A Politics of Decency

The greatest pleasure of my career as a law professor has been engaging with students and colleagues of diverse ideologies and backgrounds. I don’t just tolerate those who hold opposing policy preferences and core beliefs, I love them, and I have been deeply affected by conversation, laughter, and serious argument with so many. I hold no grudges and demand no deference, but I also pay the respect to those whom I teach and teach alongside not to pretend that I have no commitments or opinions. We are stronger not in spite but because of such frankness when it is accompanied by good will. I write now because this central experience in my life and the very promise of an enlightened Republic are, I fear, in grave danger. But we can do this together.

Donald Trump is immoral and indecent, and both his authoritarian tendencies and his narcissism threaten our values and institutions. I have been greatly heartened at various points along this darkest timeline by the many decent conservatives who have stood up and said no.

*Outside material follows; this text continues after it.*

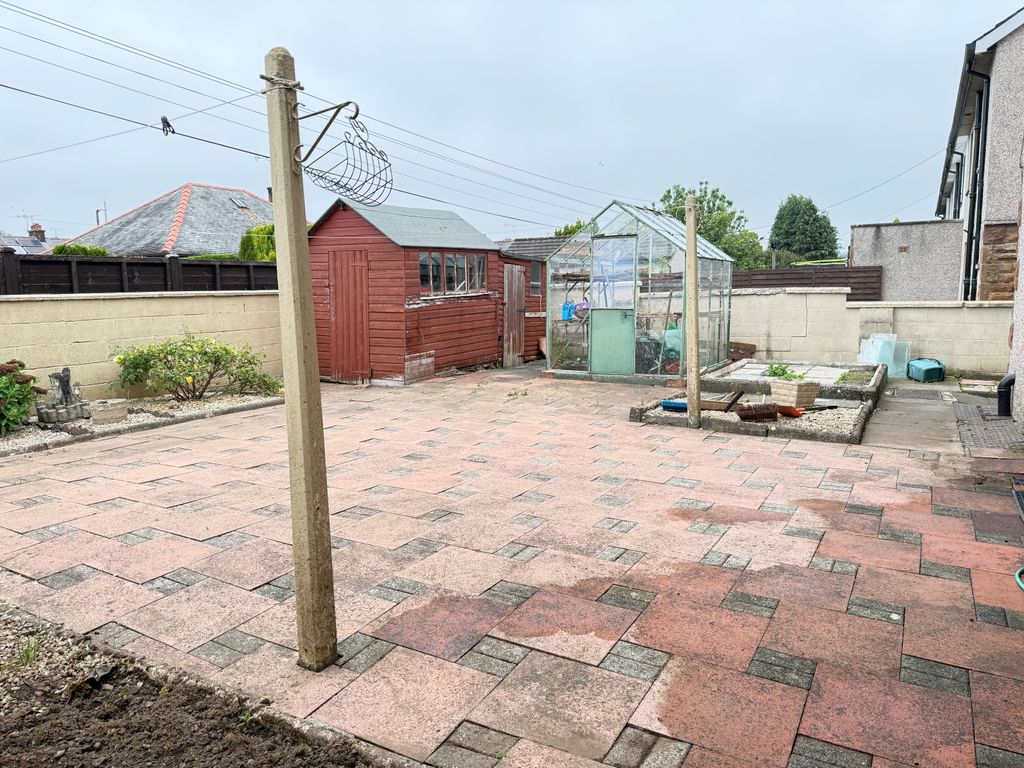 Property photo 2 of 9 Garden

Take Evan McMullin, with whom I respectfully but adamantly disagree on issues ranging from the causes and significance of the national debt, health care reform, and guns. Evan, though, has been the leader we now need through his articulation of something more basic than these issues, something that should unite us all against Donald Trump. On Twitter, he has called out Trump’s conflicts of interest, his seeming alliance with authoritarians, and his lack of concern for the most vulnerable. His solution:

Now we have the opportunity, in fact the need, to claim the common ground that I know is there. That common ground is liberty & equality.

I agree. I propose thinking about our common ground in terms of the most essential way it rejects Trumpism and that encompasses a general commitment to liberty and equality: basic decency.

A politics of decency:

  • rejects authoritarianism, even as it embraces meaningful disagreement concerning the metes and bounds of federalism and regulation;
  • abhors sexual assault and misogyny, even as it recognizes differences in how best to combat these problems;
  • will not stand for profiteering from public office, even as it contains a wide range of views on campaign finance and on the subtler questions of proper and improper influence;
  • repudiates scapegoating the poor and vulnerable, even as its participants differ on the proper way to fund our civilization and the relative burdens that should be assessed;
  • condemns lying to the people, even as it does not purport to deliver judgment on the trustworthiness of various conventional politicians and whether various instances of spin go too far;
  • refuses to tolerate white nationalism and religious and sexual bigotry, the discarded ideologies that animated the most shameful and violent episodes of our past, even as the debate will continue over, for example, how best to overcome the badges of slavery and to be color-blind without also being blind to the lingering effects of racial castes;
  • and stands against government officials who bully individual citizens, even as it encourages serious debate among its participants concerning the merits of their ideas.

Donald Trump is indecent. And if he cannot learn to stay within the guardrails of what decency requires, he must either be voted out in disgrace at the first available opportunity or impeached and removed should his transgressions go that far. We will not accept a lower bar for the conduct of Trump simply because the whole world’s expectations are already so low.

Instead, we will stand together, conservatives, liberals, and whoever, to demand that our local politicians and, especially, House representatives, hold Donald Trump strictly accountable to the demands of decency. We will attend our representatives’ town halls, participate in marches for unity, resist assaults on our core values, and help one another in the best traditions of our nation. And we will continue to do this even when some among us engage in anarchy or otherwise attempt to hijack our efforts to advance particular causes. We will condemn these distractions but not ourselves become distracted from doing what is necessary to preserve the soul of this nation.

I hope you will demand that we reject the emerging global axis of authoritarianism and that we not throw away so cheaply that which has taken 240 years of struggle to build. In basic decency to one another is the path to preserving that degree of liberty and equality we have inherited. And in that same decency, we will find the common ground on which to debate vigorously but with love how best to realize liberty and equality in the future.